Given how little we actually know about our diet and how it impacts the world within us, the questions are endless.
Exponential Business Opportunities in Food AI
A key point of our paper is that data science and AI are now sufficiently advanced enough to start answering these questions. Like so many other areas of our life, AI can revolutionize the role food can play in improving consumer health AND create new opportunities for reducing healthcare costs.

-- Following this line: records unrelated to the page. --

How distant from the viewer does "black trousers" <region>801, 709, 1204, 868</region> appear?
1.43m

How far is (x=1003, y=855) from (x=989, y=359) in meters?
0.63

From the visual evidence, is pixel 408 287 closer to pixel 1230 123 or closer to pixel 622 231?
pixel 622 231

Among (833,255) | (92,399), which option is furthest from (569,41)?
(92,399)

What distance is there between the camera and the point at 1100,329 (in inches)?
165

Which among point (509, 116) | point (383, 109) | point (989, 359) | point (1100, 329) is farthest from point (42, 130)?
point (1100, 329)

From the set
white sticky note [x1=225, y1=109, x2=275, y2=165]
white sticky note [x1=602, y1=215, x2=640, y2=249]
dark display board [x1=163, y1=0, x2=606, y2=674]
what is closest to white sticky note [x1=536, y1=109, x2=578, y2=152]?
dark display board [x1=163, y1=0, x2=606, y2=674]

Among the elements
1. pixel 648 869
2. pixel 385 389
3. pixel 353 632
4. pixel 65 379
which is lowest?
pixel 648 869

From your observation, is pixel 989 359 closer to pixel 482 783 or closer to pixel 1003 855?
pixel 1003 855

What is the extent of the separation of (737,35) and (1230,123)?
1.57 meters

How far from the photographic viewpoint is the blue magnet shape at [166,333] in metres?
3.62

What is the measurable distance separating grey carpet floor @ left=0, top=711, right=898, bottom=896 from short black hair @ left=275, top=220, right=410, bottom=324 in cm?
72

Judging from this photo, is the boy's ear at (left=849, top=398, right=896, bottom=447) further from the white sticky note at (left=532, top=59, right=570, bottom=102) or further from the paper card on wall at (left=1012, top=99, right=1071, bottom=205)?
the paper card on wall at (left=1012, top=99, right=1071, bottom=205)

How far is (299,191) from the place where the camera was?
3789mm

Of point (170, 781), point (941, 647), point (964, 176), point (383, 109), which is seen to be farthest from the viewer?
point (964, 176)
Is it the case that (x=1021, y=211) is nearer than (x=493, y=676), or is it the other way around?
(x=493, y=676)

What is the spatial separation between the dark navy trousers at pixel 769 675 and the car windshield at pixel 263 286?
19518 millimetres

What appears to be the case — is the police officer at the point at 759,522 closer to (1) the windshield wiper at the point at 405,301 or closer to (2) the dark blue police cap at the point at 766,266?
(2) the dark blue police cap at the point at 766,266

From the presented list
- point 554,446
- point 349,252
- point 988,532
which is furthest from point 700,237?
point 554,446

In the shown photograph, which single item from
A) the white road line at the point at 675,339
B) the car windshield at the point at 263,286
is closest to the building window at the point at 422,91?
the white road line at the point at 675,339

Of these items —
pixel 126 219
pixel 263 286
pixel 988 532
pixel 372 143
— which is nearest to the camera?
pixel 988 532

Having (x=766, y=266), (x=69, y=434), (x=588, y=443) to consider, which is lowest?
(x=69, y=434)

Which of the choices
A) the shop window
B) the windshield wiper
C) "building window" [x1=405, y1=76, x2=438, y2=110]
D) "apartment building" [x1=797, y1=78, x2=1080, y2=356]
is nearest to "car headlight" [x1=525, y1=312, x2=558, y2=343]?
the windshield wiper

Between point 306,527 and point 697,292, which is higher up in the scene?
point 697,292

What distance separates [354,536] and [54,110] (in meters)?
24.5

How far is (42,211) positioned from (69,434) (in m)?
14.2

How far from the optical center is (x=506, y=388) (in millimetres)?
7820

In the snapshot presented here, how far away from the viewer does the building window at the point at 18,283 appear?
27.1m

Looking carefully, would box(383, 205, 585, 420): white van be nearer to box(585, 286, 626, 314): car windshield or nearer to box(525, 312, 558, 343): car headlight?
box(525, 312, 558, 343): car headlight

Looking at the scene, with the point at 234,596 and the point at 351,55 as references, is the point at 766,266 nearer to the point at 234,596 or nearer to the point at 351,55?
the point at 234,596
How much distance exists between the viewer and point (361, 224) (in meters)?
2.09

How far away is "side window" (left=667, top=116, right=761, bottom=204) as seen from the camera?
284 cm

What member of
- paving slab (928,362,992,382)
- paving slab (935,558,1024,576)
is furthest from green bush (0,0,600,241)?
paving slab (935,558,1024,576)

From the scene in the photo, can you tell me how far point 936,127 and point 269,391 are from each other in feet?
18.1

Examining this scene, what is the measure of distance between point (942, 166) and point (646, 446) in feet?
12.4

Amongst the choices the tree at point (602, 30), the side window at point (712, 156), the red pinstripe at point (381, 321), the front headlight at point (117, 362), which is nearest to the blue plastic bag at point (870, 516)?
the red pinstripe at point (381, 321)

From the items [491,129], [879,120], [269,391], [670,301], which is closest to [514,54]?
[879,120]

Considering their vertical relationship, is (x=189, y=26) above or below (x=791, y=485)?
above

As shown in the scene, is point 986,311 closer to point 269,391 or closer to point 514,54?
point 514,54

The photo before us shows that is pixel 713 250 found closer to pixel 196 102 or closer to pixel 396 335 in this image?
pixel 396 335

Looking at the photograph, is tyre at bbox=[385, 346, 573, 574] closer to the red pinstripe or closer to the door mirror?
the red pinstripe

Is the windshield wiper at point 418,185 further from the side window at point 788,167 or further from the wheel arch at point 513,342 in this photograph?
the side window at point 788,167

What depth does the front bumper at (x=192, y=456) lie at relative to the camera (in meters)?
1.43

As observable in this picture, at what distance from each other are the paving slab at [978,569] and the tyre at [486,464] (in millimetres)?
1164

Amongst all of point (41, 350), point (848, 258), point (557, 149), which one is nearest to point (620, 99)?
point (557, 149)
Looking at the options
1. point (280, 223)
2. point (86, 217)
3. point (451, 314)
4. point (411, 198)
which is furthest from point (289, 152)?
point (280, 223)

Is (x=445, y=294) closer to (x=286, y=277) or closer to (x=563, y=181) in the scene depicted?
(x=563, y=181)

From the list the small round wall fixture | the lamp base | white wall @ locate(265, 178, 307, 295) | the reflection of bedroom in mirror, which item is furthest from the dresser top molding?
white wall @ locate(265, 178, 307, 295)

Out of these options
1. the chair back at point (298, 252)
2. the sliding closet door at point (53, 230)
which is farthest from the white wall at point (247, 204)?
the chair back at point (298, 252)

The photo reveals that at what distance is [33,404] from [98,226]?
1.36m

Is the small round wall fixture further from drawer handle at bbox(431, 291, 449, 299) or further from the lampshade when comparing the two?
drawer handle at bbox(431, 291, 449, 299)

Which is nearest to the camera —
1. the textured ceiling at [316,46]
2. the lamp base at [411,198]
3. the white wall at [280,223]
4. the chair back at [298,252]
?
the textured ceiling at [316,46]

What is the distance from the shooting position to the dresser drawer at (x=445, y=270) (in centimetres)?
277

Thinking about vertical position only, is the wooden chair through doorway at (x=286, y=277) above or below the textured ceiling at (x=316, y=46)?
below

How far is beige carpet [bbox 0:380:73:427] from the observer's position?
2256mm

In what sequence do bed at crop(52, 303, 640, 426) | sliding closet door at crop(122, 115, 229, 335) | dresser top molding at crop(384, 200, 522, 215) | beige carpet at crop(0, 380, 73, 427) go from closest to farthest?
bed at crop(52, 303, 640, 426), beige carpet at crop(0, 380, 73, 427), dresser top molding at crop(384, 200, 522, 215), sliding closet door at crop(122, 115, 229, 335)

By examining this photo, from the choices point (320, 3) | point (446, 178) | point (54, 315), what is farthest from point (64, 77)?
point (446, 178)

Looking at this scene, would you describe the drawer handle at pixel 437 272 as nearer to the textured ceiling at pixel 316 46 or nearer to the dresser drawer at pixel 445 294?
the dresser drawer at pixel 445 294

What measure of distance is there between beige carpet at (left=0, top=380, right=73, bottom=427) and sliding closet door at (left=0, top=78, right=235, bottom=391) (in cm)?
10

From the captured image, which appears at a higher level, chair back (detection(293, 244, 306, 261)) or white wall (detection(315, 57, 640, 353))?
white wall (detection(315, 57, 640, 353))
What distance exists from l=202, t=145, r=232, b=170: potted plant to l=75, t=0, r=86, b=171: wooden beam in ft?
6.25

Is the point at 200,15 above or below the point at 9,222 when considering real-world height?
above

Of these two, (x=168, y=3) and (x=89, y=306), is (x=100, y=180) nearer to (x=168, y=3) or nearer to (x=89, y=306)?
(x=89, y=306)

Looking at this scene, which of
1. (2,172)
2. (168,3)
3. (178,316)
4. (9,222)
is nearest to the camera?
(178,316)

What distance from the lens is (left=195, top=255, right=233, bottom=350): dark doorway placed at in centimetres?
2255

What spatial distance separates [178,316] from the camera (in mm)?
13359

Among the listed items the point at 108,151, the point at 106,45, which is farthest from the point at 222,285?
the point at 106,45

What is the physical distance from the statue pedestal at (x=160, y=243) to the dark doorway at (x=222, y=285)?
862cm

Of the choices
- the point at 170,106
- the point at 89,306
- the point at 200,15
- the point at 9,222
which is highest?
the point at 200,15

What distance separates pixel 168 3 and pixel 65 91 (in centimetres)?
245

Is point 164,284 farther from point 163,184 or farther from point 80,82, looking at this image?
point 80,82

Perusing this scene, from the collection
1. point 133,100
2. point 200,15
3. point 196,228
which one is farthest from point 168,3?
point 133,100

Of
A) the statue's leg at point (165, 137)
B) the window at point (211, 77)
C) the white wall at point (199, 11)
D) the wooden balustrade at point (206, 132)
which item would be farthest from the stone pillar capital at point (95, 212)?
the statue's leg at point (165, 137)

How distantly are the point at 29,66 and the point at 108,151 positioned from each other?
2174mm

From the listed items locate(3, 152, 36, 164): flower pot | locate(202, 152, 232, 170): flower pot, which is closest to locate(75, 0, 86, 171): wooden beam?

This revolution can enable an entirely new class of AI-based companies to thrive in the multi-TRILLION-dollar food sector. These new business-creation opportunities are especially exciting because the exponential growth and value created as AI is integrated into the business model.
Enter the Graduate School of Management and Innovation + Entrepreneurship
None of these discoveries would have happened without the support of the team at the Graduate School of Management (GSM) and their culture of collaboration and entrepreneurship.
I enjoyed immensely the honor of serving two terms as the Arthur and Carlyse Ciocca Visiting Professor of Innovation and Entrepreneurship at the GSM. The class I developed as visiting professor sparked a collaboration with GSM Professor Andy Hargadon, faculty director of the Mike and Renee Child Institute for Innovation and Entrepreneurship, and Dean H. Rao Unnava to create the Food and Agriculture Industry Immersion for MBA and graduate students in food sciences, now led by industry expert Julie Morris.
The paper that I co-authored with Professor Tagkopoulos and members of his lab team represents a case study for how the best executives can lead the best businesses in the food industry. Namely, by putting AI at the center of the business model to gain competitive advantage in design of products and services, intellectual property development, consumer understanding, speed to market, etc. In other words, every CEO’s vision: better, faster and more cost effective.
The UC Davis innovation ecosystem has all the world-class ingredients to create a healthier food system, including AI.